Amica, ask if your oncologist/cancer center has a Patient Navigator or Patient Advocate. We met mine at our first visit before even deciding where to get treatment. She could put me in touch with anyone I need and she would keep after the doctor to get it done if his signature or a prescription were required. Find this person and put him or her to work for you. Also, my insurance company has a department for patients to call for help. I have a nurse from there who calls me to see how things are going. Maybe your insurancecompany has this?

For your elderly dad, see if your city has an Agency on Aging. When I became too ill to take meals to my dad who lived in another town, I got in touch with the agency in his town for Meals on Wheels but they had many other services available. We had lined up some home health CNA visits but he had to be hospitalized before they started. The agency had a variety of services from transportation to doctors or other errands, some house cleaning help, meals and others. I didn't know about it until desperation led me to a google search. (My sister took him to a nice nursing home in her town, hundreds of miles away when we all realized my serious diagnosis. I'll likely never see him again, but I know he's safe and looked after and she visits him several times a week.)

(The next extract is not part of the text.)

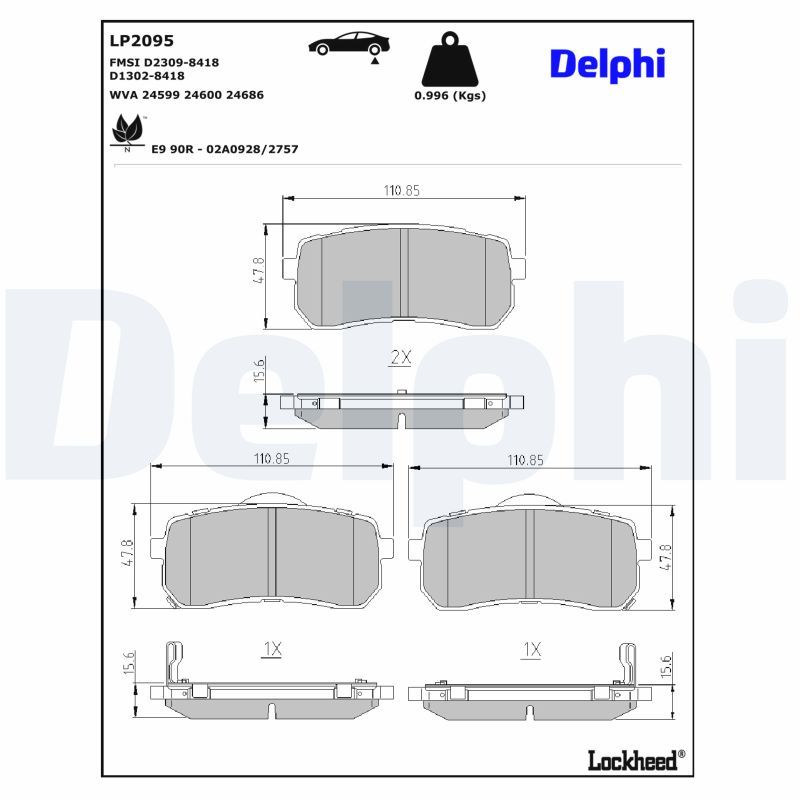 Brake Pad Set, disc brake-2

As to getting through tests and treatments...yes, they often hurt or are gross, at least for me. Yes, they are a pain in the a$$ to have to go to and endure. It is 70 miles, one way, to my oncology center. Some side effects are pretty bad but they can help with some of them. You'll find lots of tips and tricks on this site in the forums that pertain to your situation. I've only had my diagnosis since January but I've already done things I always said I'd "never" do. At first I often thought about stopping any treatments and letting nature take its course. If I had, it would have been my choice. Now that I am feeling better and only have to go to the cancer center once a month, I'm glad I went through it all. With stage 4 cancer, I know this calm time can turn quickly but I have hope that it will remain stable or even get to NED someday. I don't envy other BC patients with other stages because it is all awful, but keep in mind there is usually a good chance to get to the "other side" of the cancer except stage 4. Hopefully they're working on that for us stage 4 patients :-)

I will endure until I can't anymore. I'm thankful for the new treatments we have and the research that is going on all the time. Maybe "THE" answer will come about in my lifetime. Maybe not. I will always have choices.

Oh dear, Amica. Hang in there. Hugs.

Oh Amica I am so sorry you are going through this. I didn't like my oncologist either, but was lucky enough to transfer. Have you tried Toronto or London?

xxx

Amica - I just replied to you in a different thread as well - so, sadly, I can see from this one that you really don't seem to have many options, Though not a huge centre I have access to Occupational Therapy, Counselling, Nursing staff that respond when I have questions etc. Maybe you should move to Alberta I do hope you are able to get some assistance as it should be out there somewhere?! What part of Ontario Best of luck and health!